The Biden administration should avoid the Trump-era mistake of reducing the entirety of the U.S.-Mexico relationship to the single issue of immigration. The administration has made Vice President Kamala Harris its point person at the southern border, and she has been engaging with Mexico and Central American nations to embrace a regional approach to migration, which is laudable. But starting with her May 7 meeting with Mexican President Andrés Manuel López Obrador, announced over the weekend, the vice president should broaden the scope of her Mexico agenda to cover the complex array of economic, environmental, security, energy and rule of law issues that define the U.S.-Mexico dealings.
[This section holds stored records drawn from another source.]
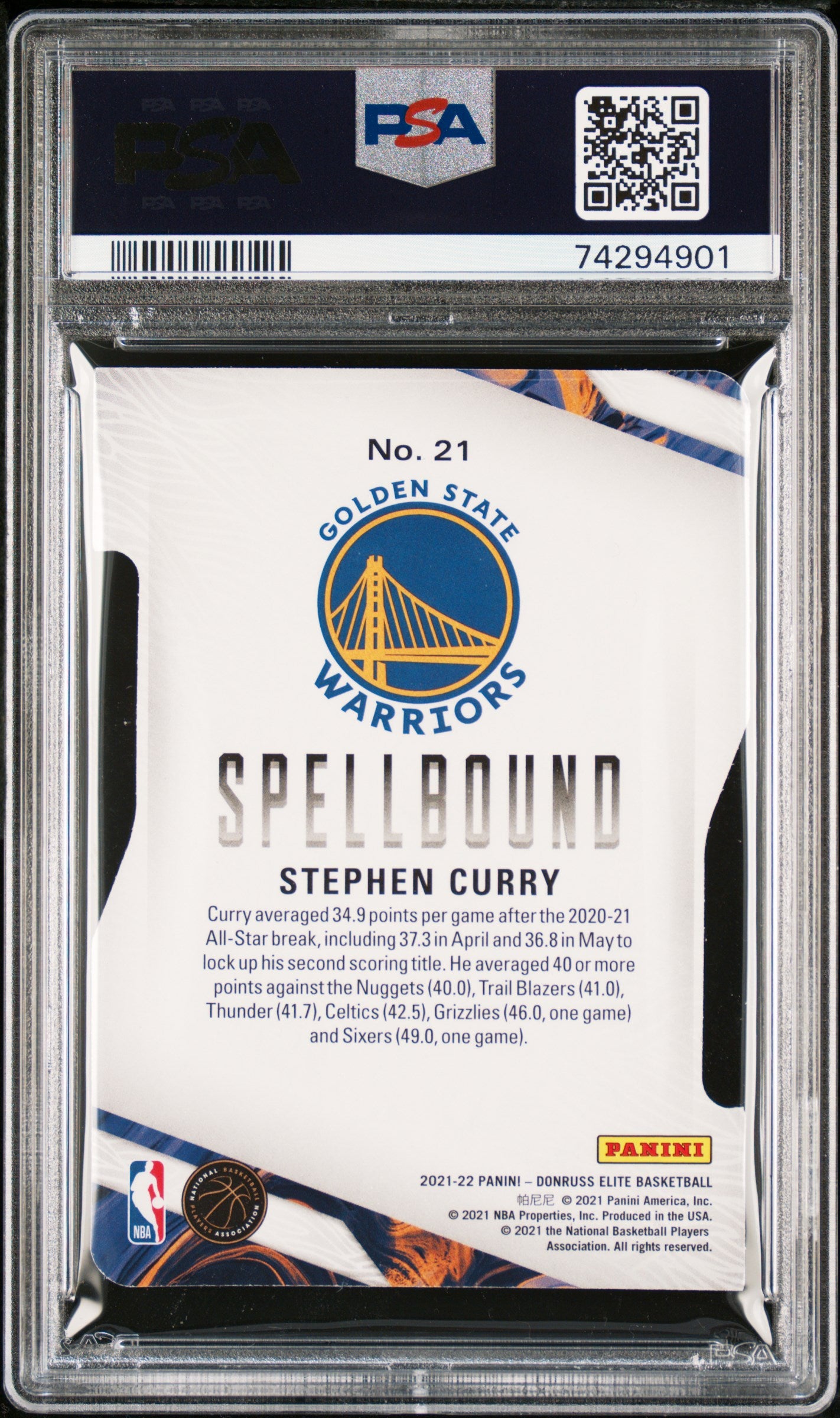 2021 Panini Donruss Elite Spellbound Stephen Curry #21 PSA 9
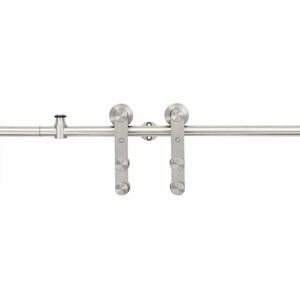 vidaXL Sliding Door Hardware Kit 183cm Stainless Steel Silver - Sliding Door Hardware Kit vidaXL Sliding Door Hardware Kit 183cm Stainless Steel Silver - Sliding Door Hardware Kit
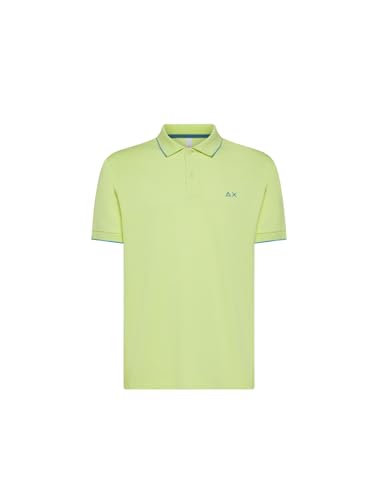 Polo uomo in cotone giallo. SUN68 Polo Manica Corta A35110 Colletto con Riga Piccola Tg. L col. 32 Giallo Limone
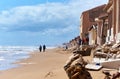 Damaged beach houses. Spain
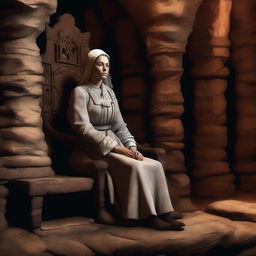 This digital art piece showcases a weary medieval nurse, seated in a monumental chair hewn from stone, within the confines of a vast cavern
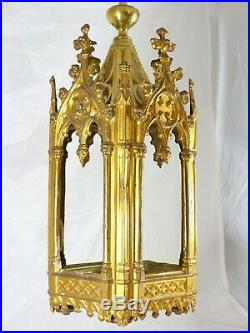 Late 19th Antique Gilded Brass French Chandelier Lantern Pendant Religious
Mexico is heading in the wrong direction, and it is time for the United States to take notice and prioritize a relationship that is crucial to our common well-being. Because ties across the Rio Grande simultaneously involve so many sensitive foreign and domestic issues, the vice president is uniquely suited to coordinate Mexico policy. The role should be familiar to President Biden; it’s much like the one then-President Obama asked him to take on under the framing of a “High Level Economic Dialogue” between Mexico and the U.S. in 2013.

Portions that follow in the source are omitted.